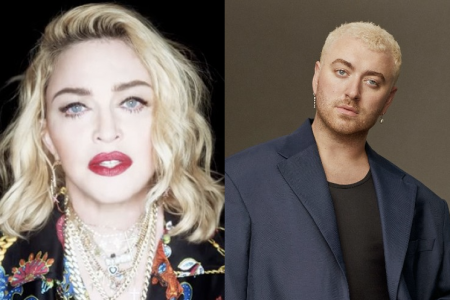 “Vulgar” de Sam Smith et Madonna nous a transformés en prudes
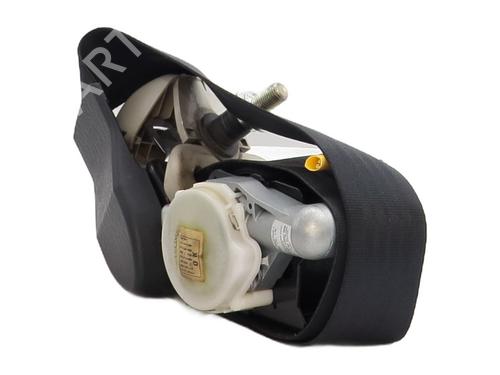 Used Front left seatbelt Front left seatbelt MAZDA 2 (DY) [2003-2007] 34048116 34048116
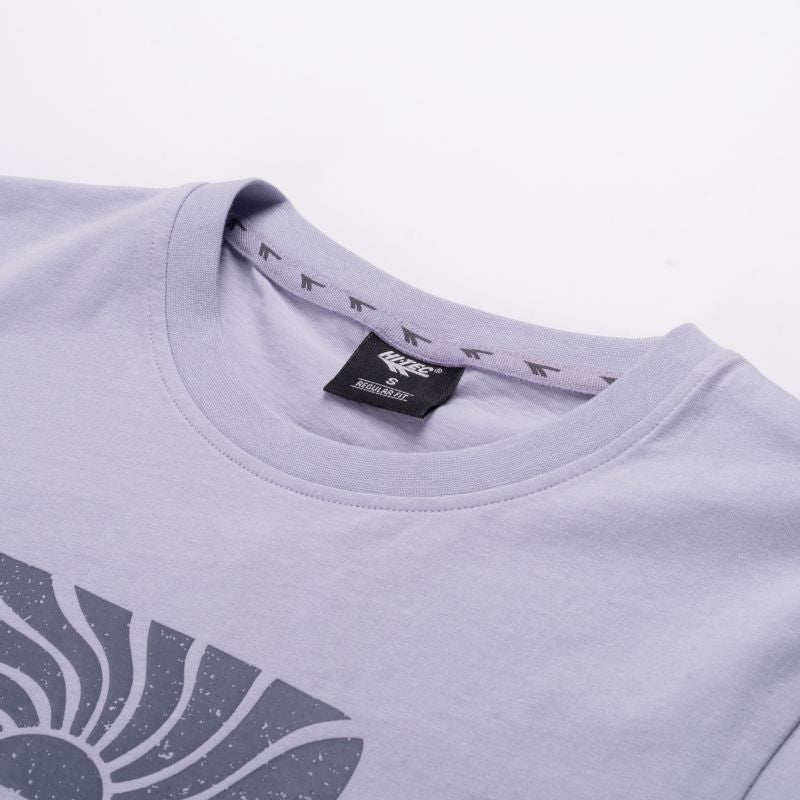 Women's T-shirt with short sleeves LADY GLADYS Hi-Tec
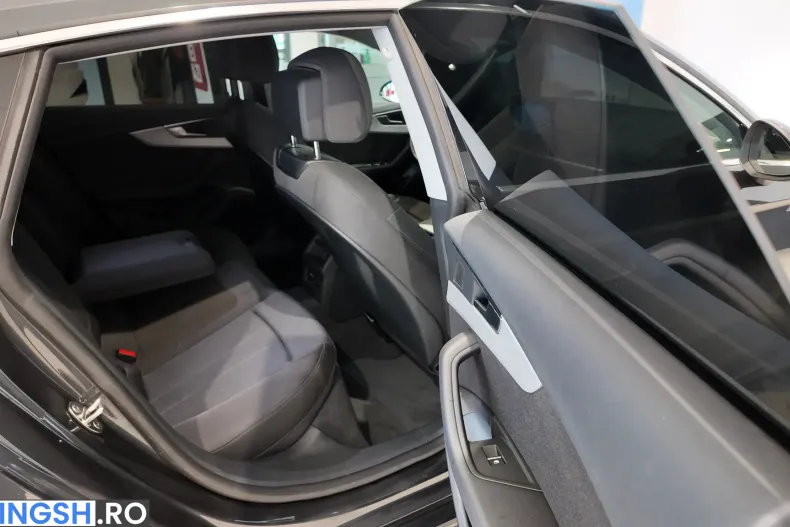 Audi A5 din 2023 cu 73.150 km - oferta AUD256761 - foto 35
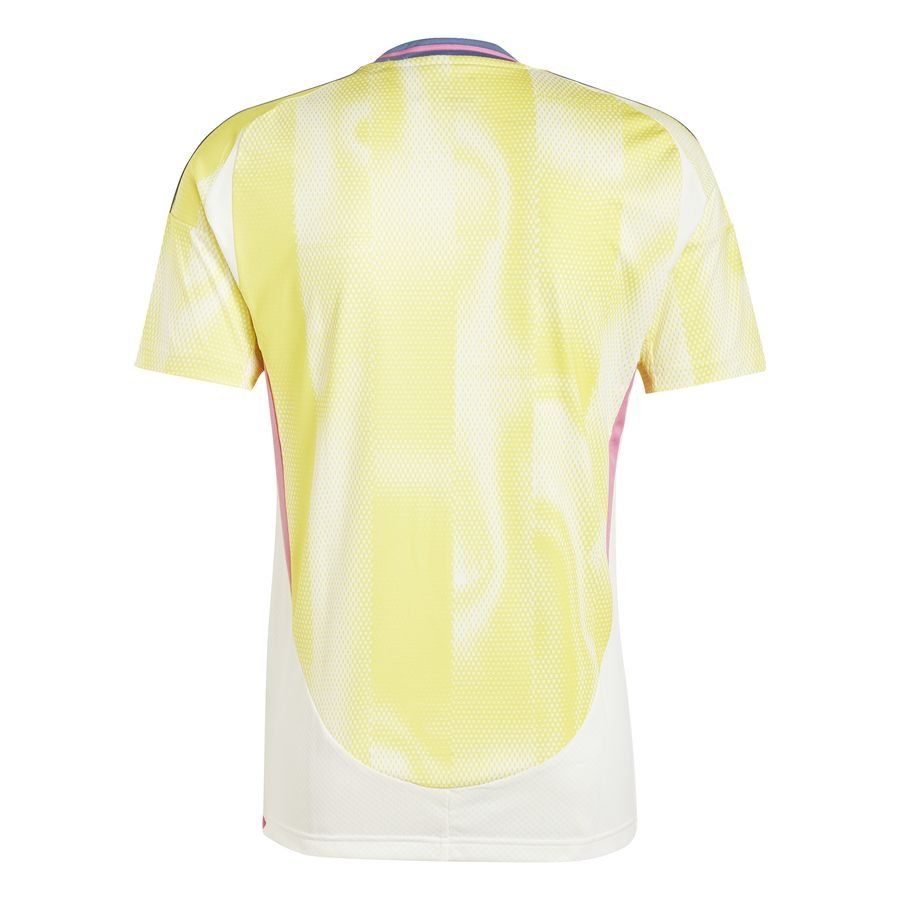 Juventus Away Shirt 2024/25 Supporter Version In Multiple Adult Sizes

* **What you should do**: Could you retype every line above exactly as it appears, skipping the pictures?

* **Task answer**:
 “Vulgar” de Sam Smith et Madonna nous a transformés en prudes
 Used Front left seatbelt Front left seatbelt MAZDA 2 (DY) [2003-2007] 34048116 34048116
 Women's T-shirt with short sleeves LADY GLADYS Hi-Tec
 Audi A5 din 2023 cu 73.150 km - oferta AUD256761 - foto 35
 Juventus Away Shirt 2024/25 Supporter Version In Multiple Adult Sizes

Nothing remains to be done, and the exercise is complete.